'''

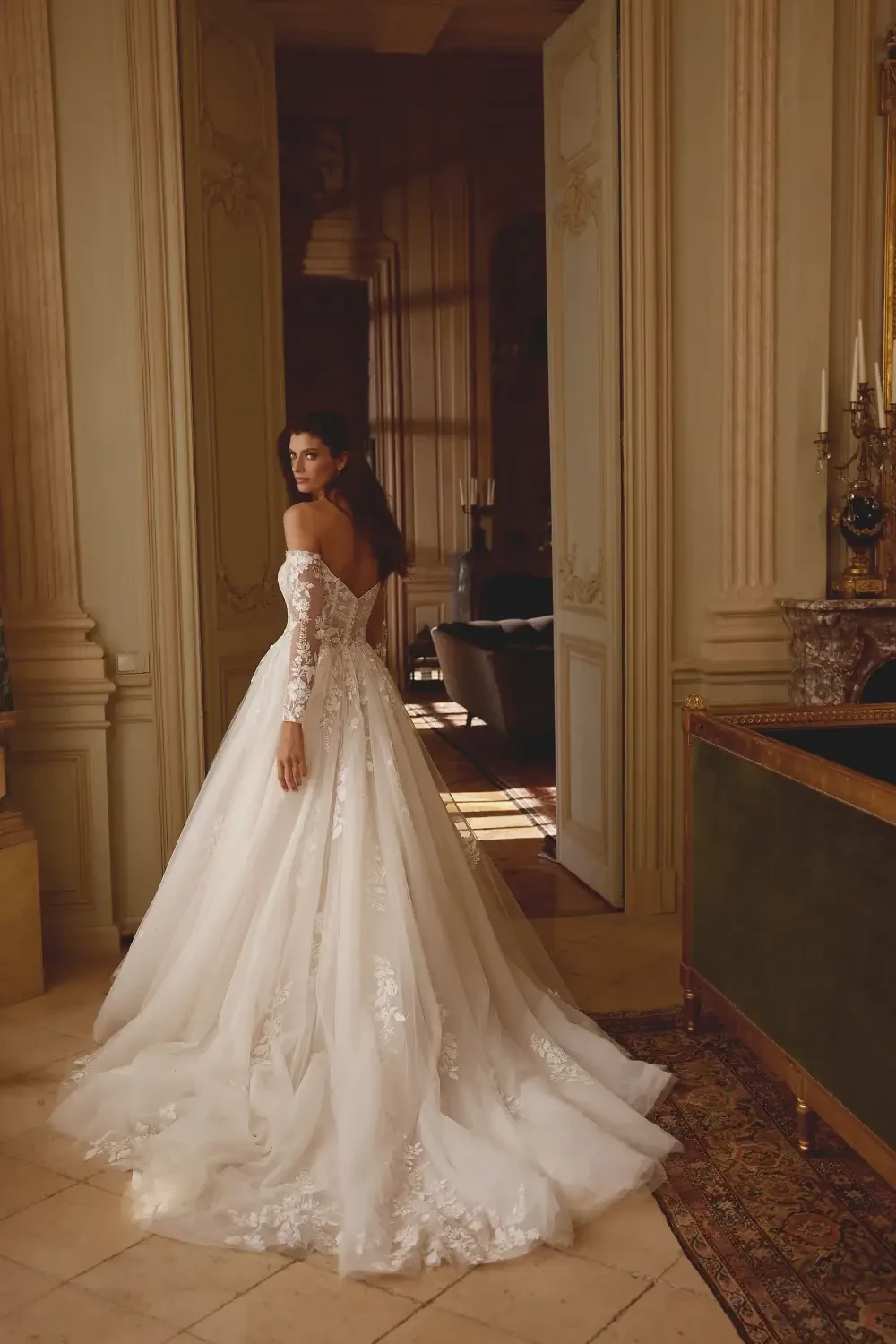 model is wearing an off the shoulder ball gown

'''
'''

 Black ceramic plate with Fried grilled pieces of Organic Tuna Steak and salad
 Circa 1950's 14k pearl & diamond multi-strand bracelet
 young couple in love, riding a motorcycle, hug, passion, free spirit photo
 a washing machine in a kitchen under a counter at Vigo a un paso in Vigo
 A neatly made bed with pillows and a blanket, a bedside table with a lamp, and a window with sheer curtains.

'''
'''

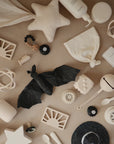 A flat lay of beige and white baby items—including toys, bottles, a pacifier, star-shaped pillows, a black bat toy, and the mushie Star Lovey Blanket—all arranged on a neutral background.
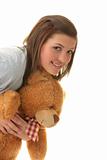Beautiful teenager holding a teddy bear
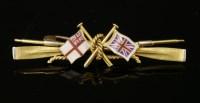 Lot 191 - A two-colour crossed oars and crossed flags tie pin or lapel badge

'''

Transcribe, word for word, the lines of the listing above from the one that contains "Beautiful teenager holding a teddy bear" through the one that contains "Lot 191 - A", keeping both ends and dropping the pictures.

:: Written solution ::
Beautiful teenager holding a teddy bear
 Lot 191 - A two-colour crossed oars and crossed flags tie pin or lapel badge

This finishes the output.